Start at the line with "Evolution of Ninja" and print every line through the end of the material below. Keep it exact and free of pictures.

════════

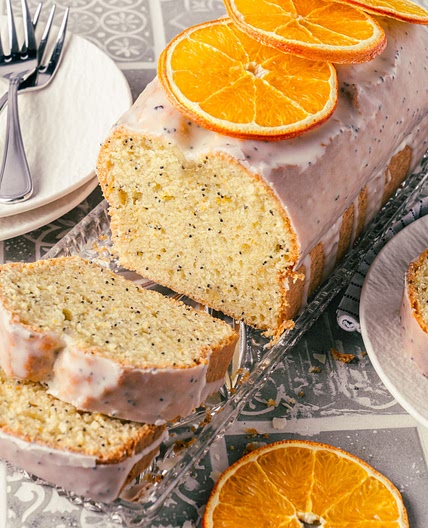 Mohn-Orangenkuchen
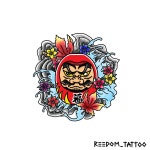 @reedom_tattoo // Iresumi / daruma  이레즈미 다루마 // 서울타투/수유타투(이미지 포함)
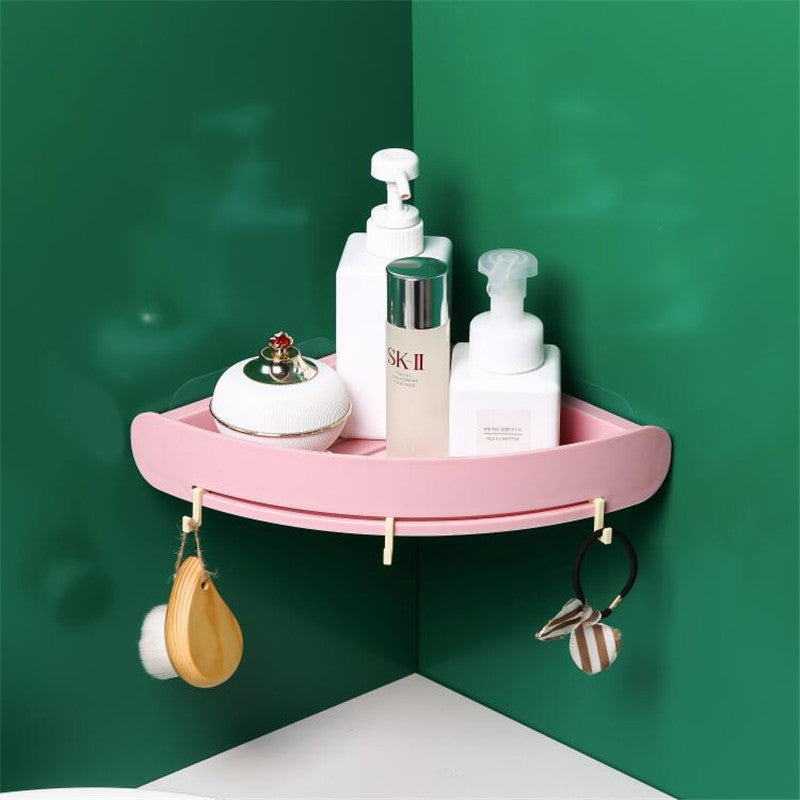 Triangular Bathroom Corner Shelf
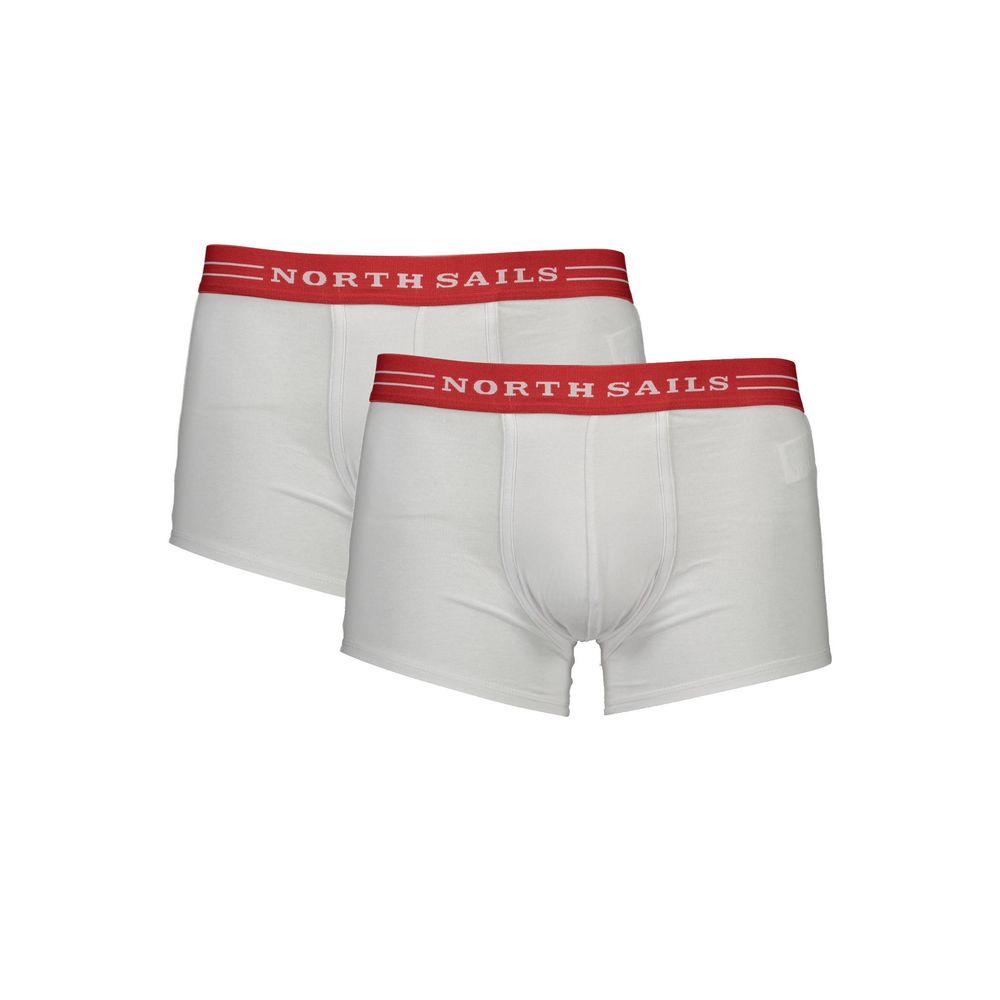 White Cotton Underwear - SEHABRANDS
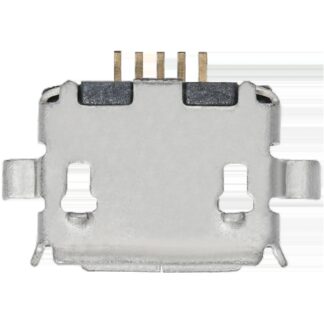 Ladebuchse Löten erforderlich - 05 Pin - Micro B - 2 Anchor Points (C014)
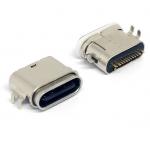 Mid mount USB Type-C 16P IPX7 Waterproof Connector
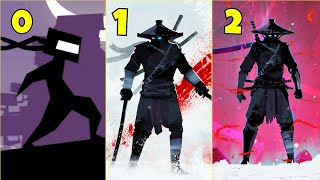 Evolution of Ninja Arashi Games  Last NinjaNinja ArashiNinja Arashi 2  by Black Panther Games [upl. by Mcclain]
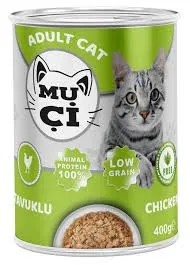 MUÇİ KONSERVE KEDİ TAVUK 400GR 1*12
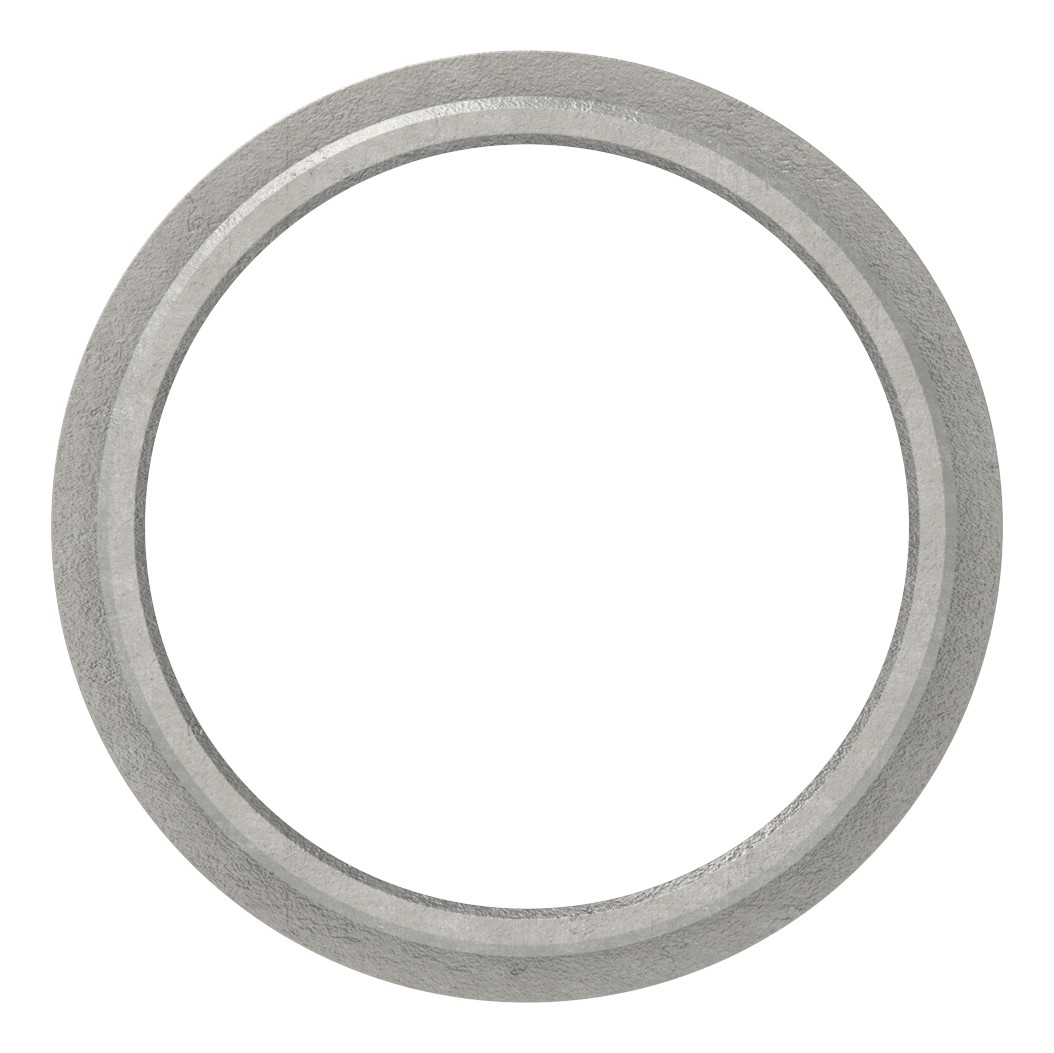 Verbindungsstück für Rohr 42,4x2,0mm, V2A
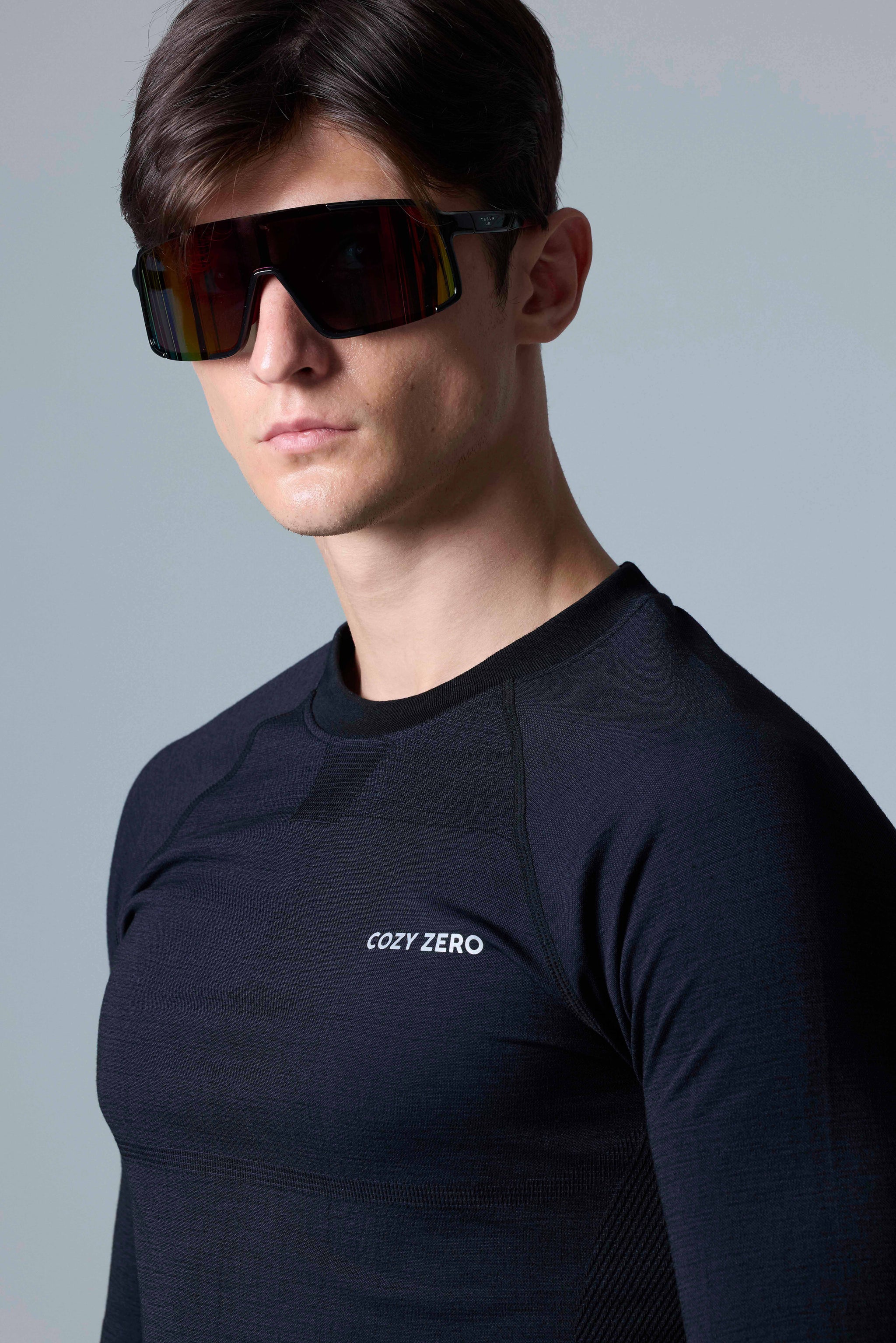 Tech Merino Pressure Crewneck Long Sleeve Top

════════

### TASK ANSWER
 Evolution of Ninja Arashi Games  Last NinjaNinja ArashiNinja Arashi 2  by Black Panther Games [upl. by Mcclain]
 MUÇİ KONSERVE KEDİ TAVUK 400GR 1*12
 Verbindungsstück für Rohr 42,4x2,0mm, V2A
 Tech Merino Pressure Crewneck Long Sleeve Top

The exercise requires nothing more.